“Non c'è abbastanza lavoro per tutti. Il punto è stabilire se pochi debbano lavorare molto o, come io auspicherei, molti debbano lavorare meno. Il resto è retorica”. Intervistato da L’Unità (ma oggi c’è anche una sua intervista su Il Mattino) Pierre Carniti rispolvera un suo vecchio “cavallo di battaglia”. la soluzione “lavorare meno, lavorare tutti”. “Non ne esiste un'altra – spiega –, in una fase in cui, com'è evidente, il nostro sistema produttivo non è in grado di assicurare lavoro per tutti. È l'unica possibilità ed è indispensabile, sempre si voglia discutere seriamente di lavoro. Una riforma ineludibile, verso cui dovrebbero spingere politica, sindacati, mondo imprenditoriale, associazioni e organizzazioni di cittadini. Tutti, insomma. Non c'è solo la Francia con le 35 ore, c'è anche l'esempio della Germania: l'accordo generalizzato per le 32 ore fatto nel 2008 è stato uno degli elementi che l'ha aiutata ad uscire prima dalla crisi. E l'Olanda, una decina d'anni fa, accanto ad una tendenziale riduzione dell' orario, ha incentivato la diffusione del part-time, che è un altro modo per ottenere una più efficace ripartizione del lavoro”.
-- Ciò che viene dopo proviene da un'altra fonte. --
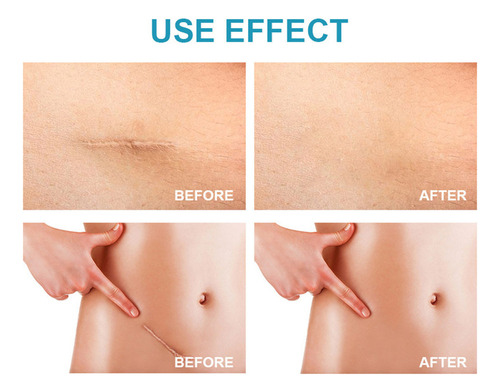 Gel Eliminador De Cicatrices Go For Queloides, Crema Repara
Che altro fare, gli chiedono? “Bisogna porre rimedio alla depressione della domanda interna. Due sono i modi: o si diminuiscono le tasse sul lavoro, tra le più alte d'Europa, o si aumentano i salari, tra i più bassi d'Europa. lo preferisco la prima ipotesi, ma il governo non fa nulla né per l'una né per l'altra”. “Certo, è l'impostazione che deve cambiare: abbiamo una crescita tra le più basse d'Europa, ma siamo anche gli unici che si propongono il pareggio di bilancio ne120l3. Rigore e crescita non stanno insieme, fanno un ossimoro”. E la riforma del lavoro, non serve a nulla? “Quella, come anche la riforma delle pensioni, è stata fatta per accontentare l'establishment economico e politico interno e internazionale. E non sposta di una virgola l'attuale problema occupazionale. Anzi, l'allungamento dell'età pensionabile lo aggrava”.